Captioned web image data
^^^^

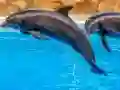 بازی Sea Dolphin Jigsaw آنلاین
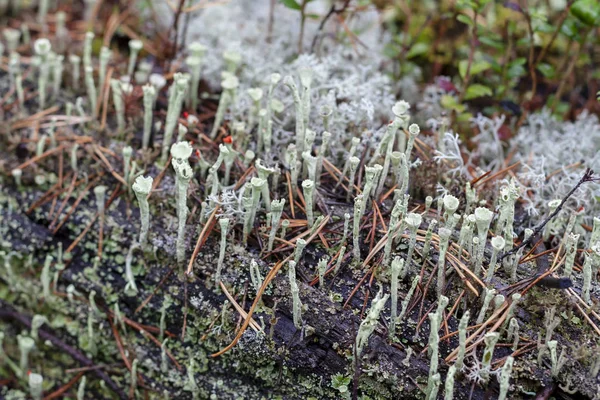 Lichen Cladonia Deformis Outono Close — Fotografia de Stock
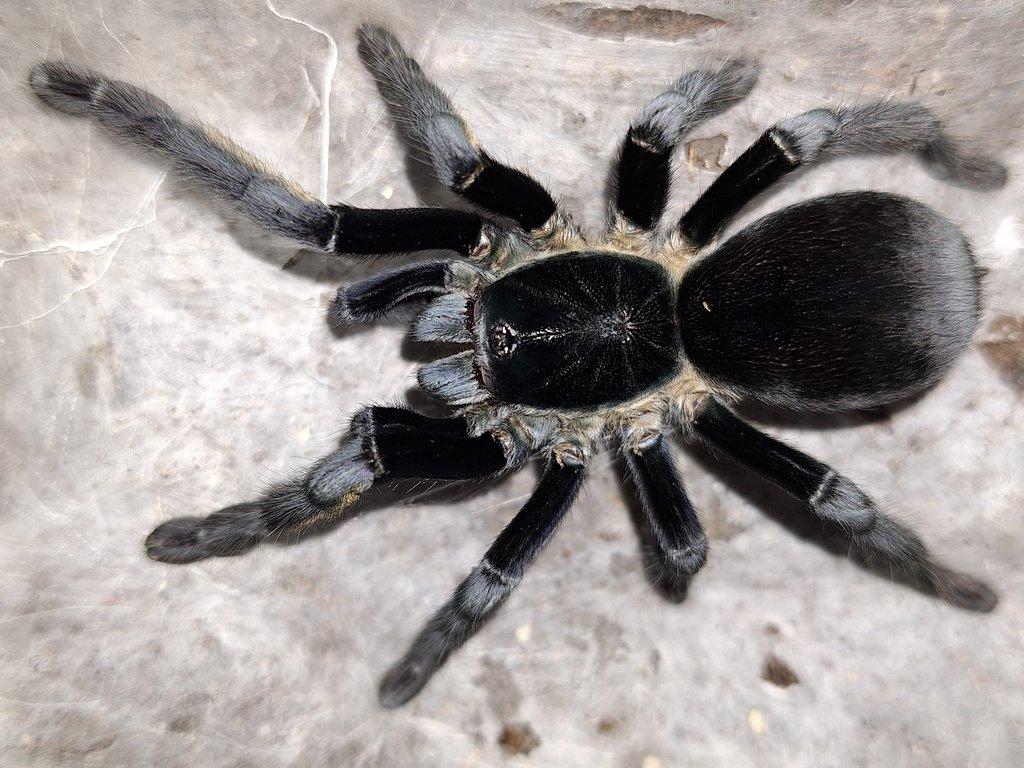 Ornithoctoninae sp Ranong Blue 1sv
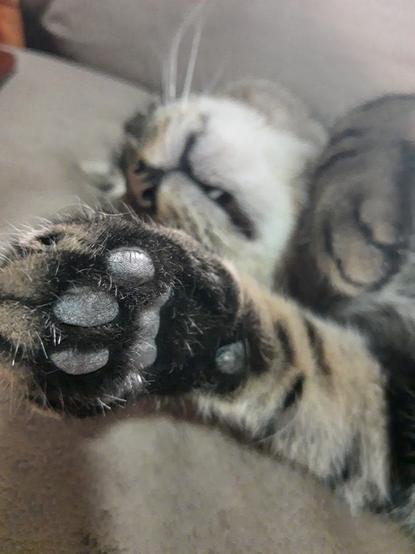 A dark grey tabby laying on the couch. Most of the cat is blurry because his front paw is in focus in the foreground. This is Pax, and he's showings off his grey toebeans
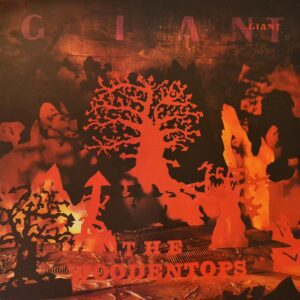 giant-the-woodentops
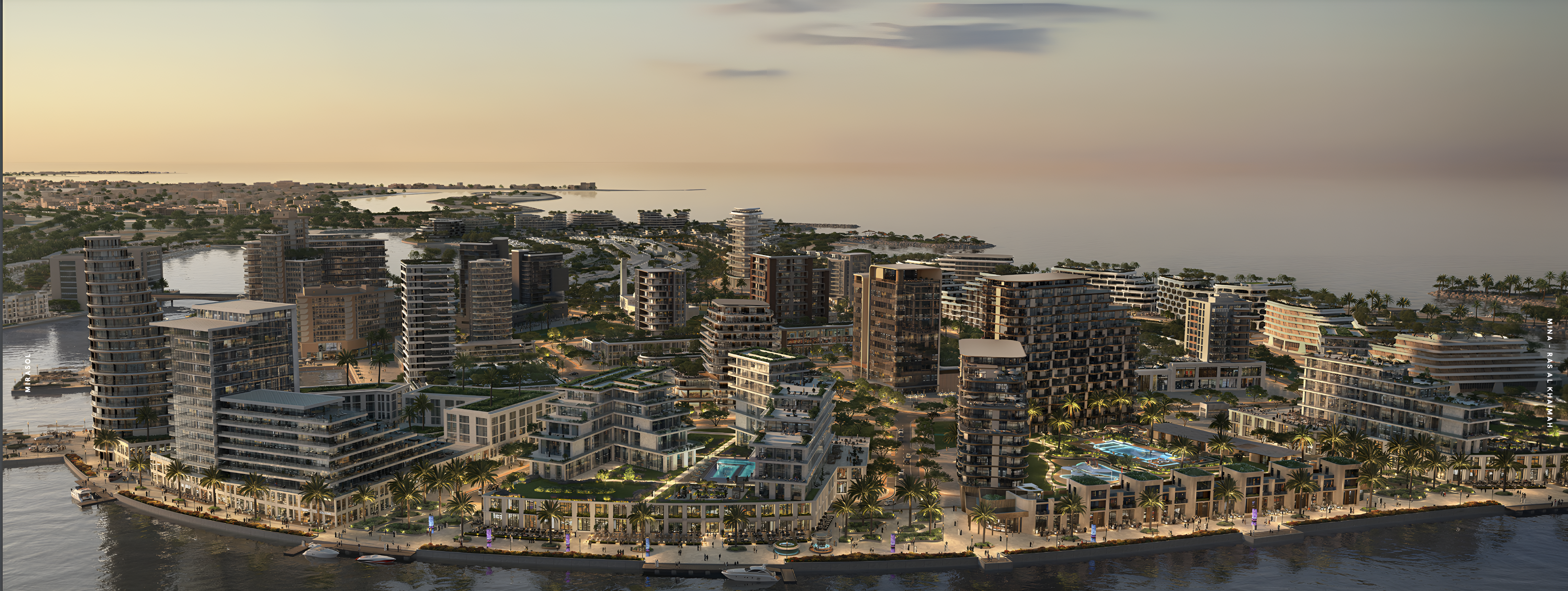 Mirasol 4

^^^^

Return the entries exactly as given. Do not include pictures.

 بازی Sea Dolphin Jigsaw آنلاین
 Lichen Cladonia Deformis Outono Close — Fotografia de Stock
 Ornithoctoninae sp Ranong Blue 1sv
 A dark grey tabby laying on the couch. Most of the cat is blurry because his front paw is in focus in the foreground. This is Pax, and he's showings off his grey toebeans
 giant-the-woodentops
 Mirasol 4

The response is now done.